# WORK ITEM:
Your copy should hold every record verbatim and none of the pictures.

# Stored data:
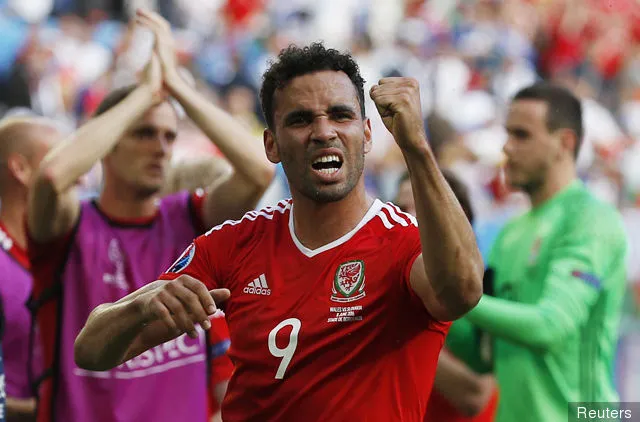 Hal Robson-Kanu walesi csapattársát, Joe Allent dicséri
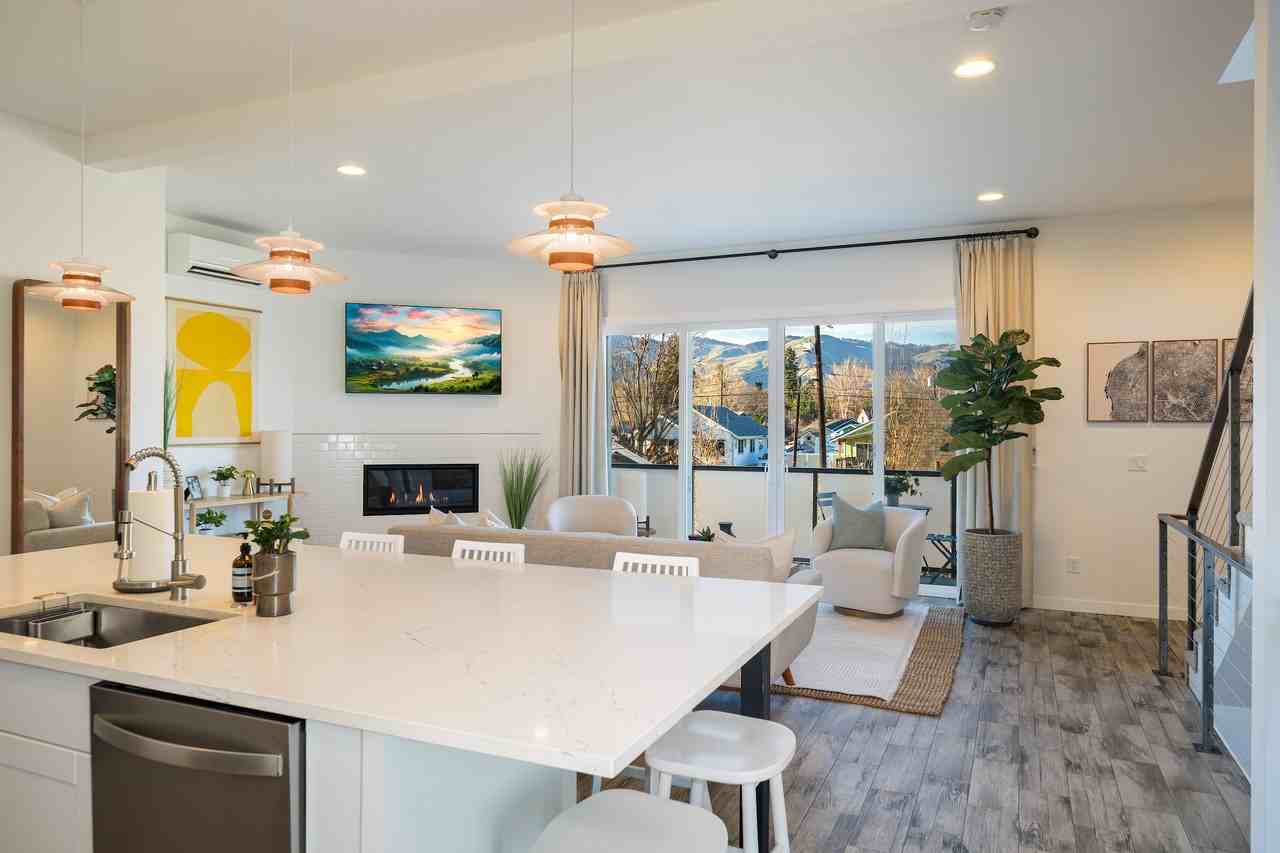 823 Orondo Ave #B - Photo 6 of 21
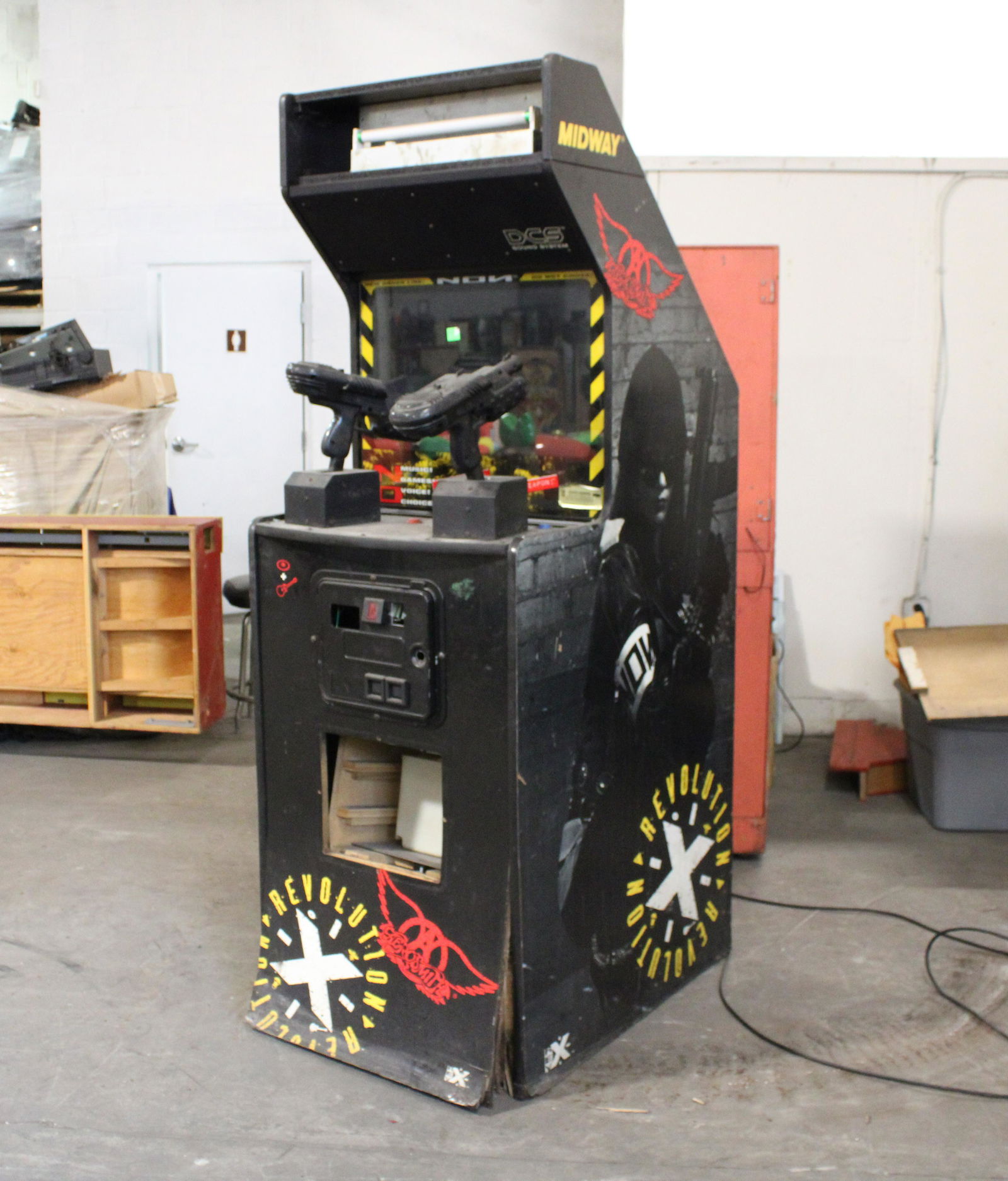 Midway Aerosmith Revolution Arcade Game (1 of 3)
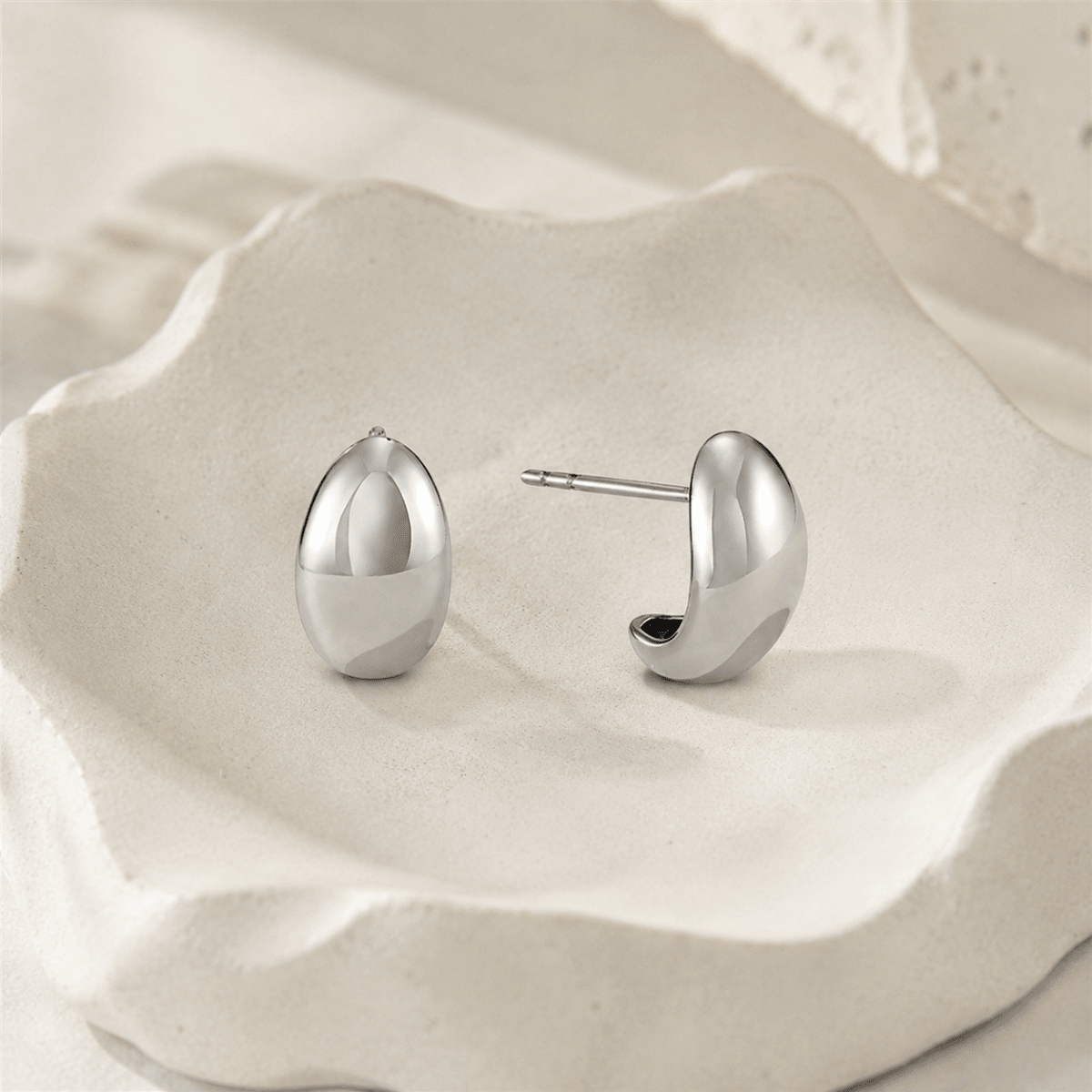 Mina Sculpted Bean Stud Earrings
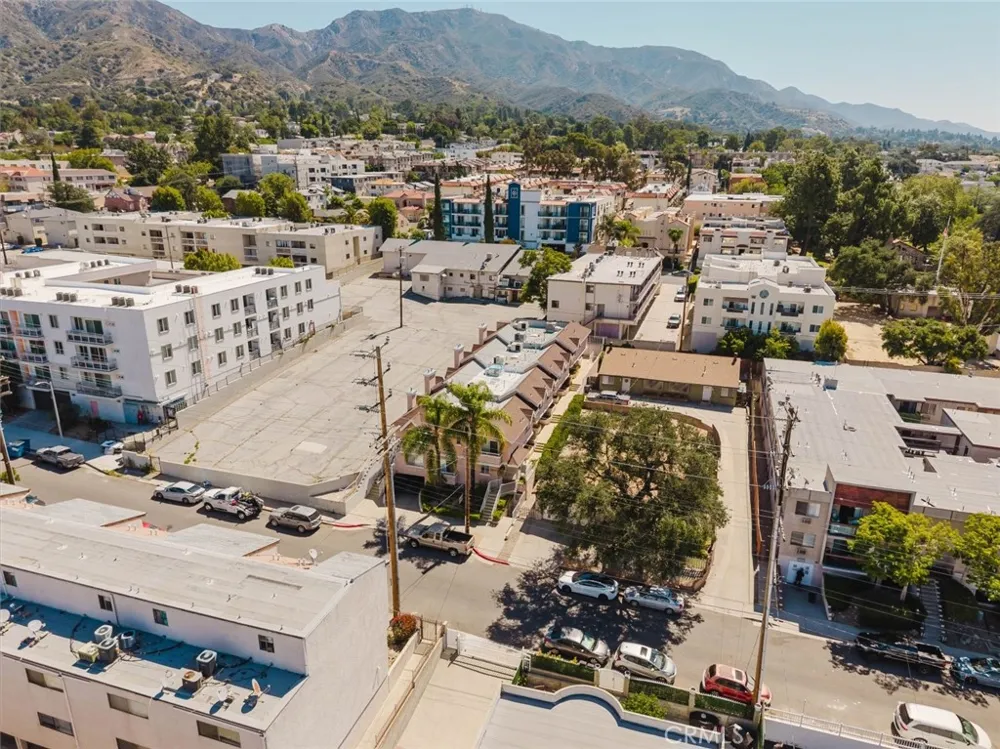 10128 Hillhaven Avenue #101 Tujunga, CA 91042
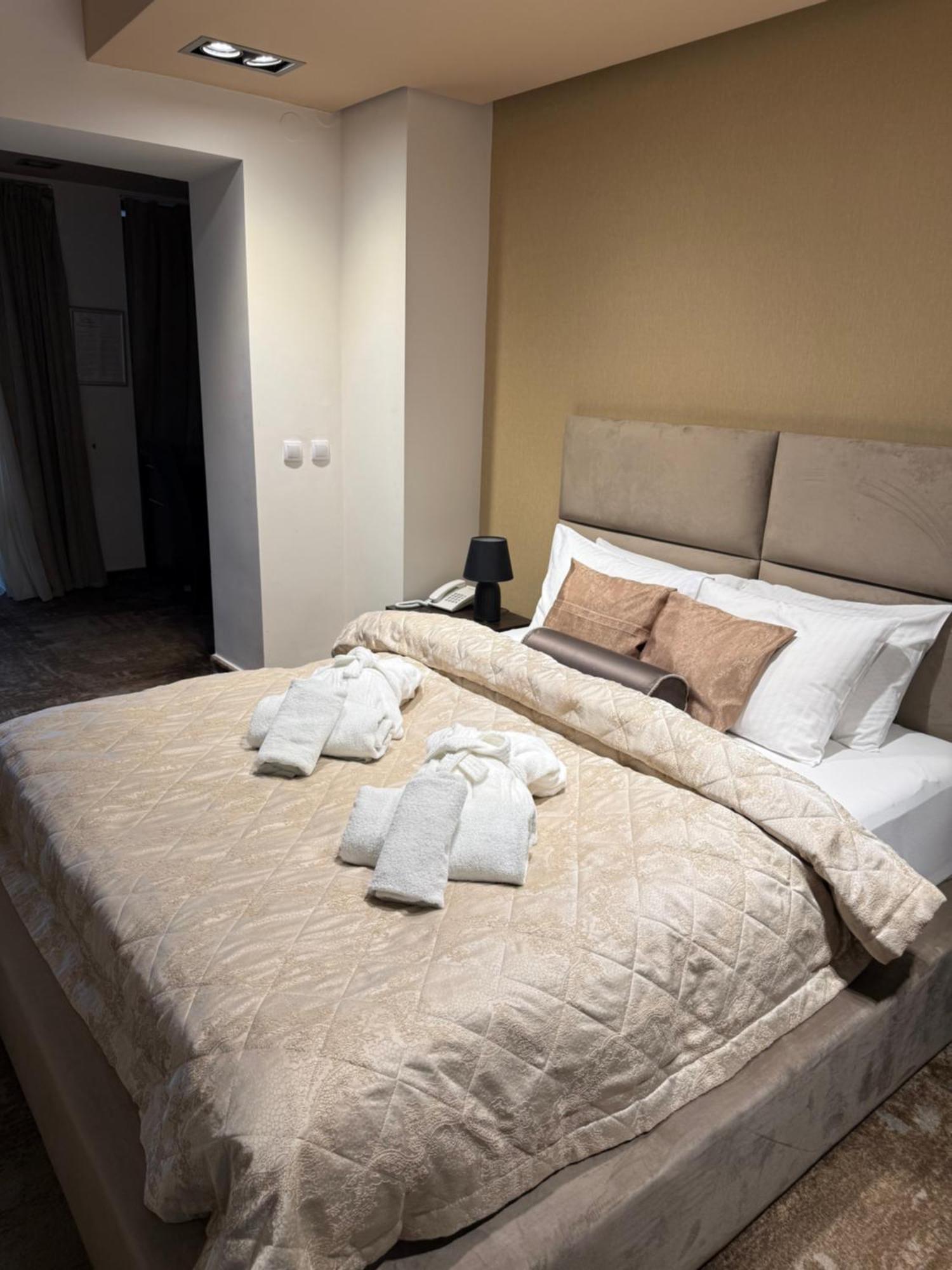 Guest House Panorama Aqualux With Free Parking Новий Сад Екстер'єр фото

# SOLUTION TO THIS PROBLEM:
 Hal Robson-Kanu walesi csapattársát, Joe Allent dicséri
 823 Orondo Ave #B - Photo 6 of 21
 Midway Aerosmith Revolution Arcade Game (1 of 3)
 Mina Sculpted Bean Stud Earrings
 10128 Hillhaven Avenue #101 Tujunga, CA 91042
 Guest House Panorama Aqualux With Free Parking Новий Сад Екстер'єр фото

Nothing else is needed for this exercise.